For the period ended Dec. 31, net sales down 18% from last year to $6.1 billion. Revenue results were within previously company guidance of $5.8 billion to $6.2 billion.

Adjusted net income increased 13% over the year-ago quarter to $148 million. During the quarter, the EMS company took $103 million in pretax restructuring charges, including $21 million in cash predominantly related to employee severance and benefits, and $82 million of non-cash asset impairment charges. The company expects to take an additional $100 million to $125 million in pretax restructuring charges in its fiscal fourth quarter, comprised primarily of employee severance and benefit costs of approximately $90 million to $110 million and the remaining charges associated with other exit related costs.

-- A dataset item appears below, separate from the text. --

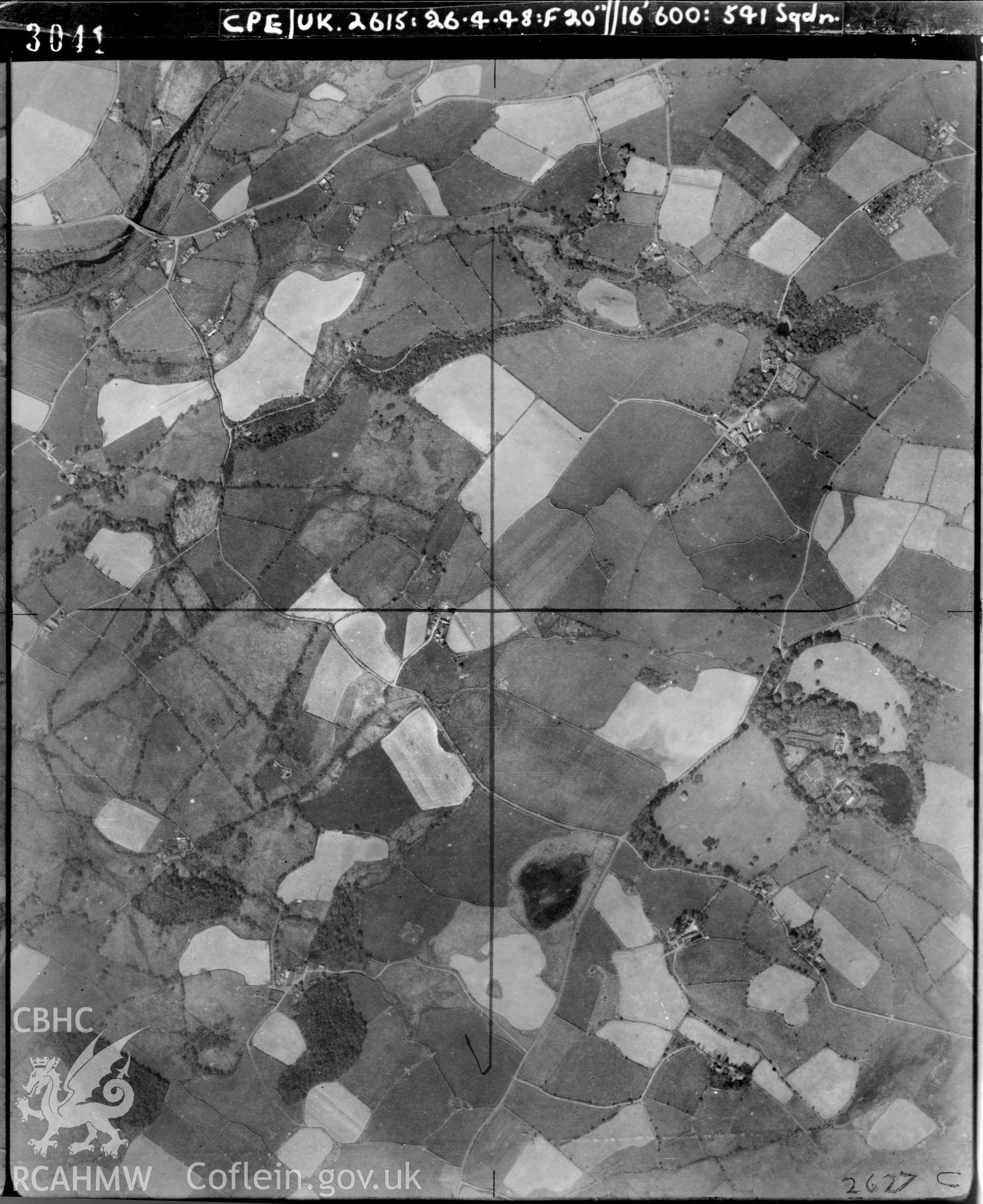 Black and white vertical aerial photograph taken by the RAF on 26/04/1948 centred on SH51876230 at a scale of 1:10000. The photograph includes part of Llanrug community in Gwynedd.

“It is clear that the macroeconomic environment is challenging with limited visibility and many economic risks remain," said Mike McNamara, CEO, in a statement. We are aggressively optimizing our operating footprint and improving our cost structure to better position us for our multi-billion dollar pipeline of recent bookings, and the eventual improvement in the business environment.”

Free cash flow for the period was $395 million, bringing the year-to-date total to $678 million.

Flextronics guided for March quarter revenue of $5 billion to $5.3 billion.

Flextronics is the world's second-largest contract assembler, after Foxconn, and the 16th-largest printed circuit board fabricator through its Multek arm.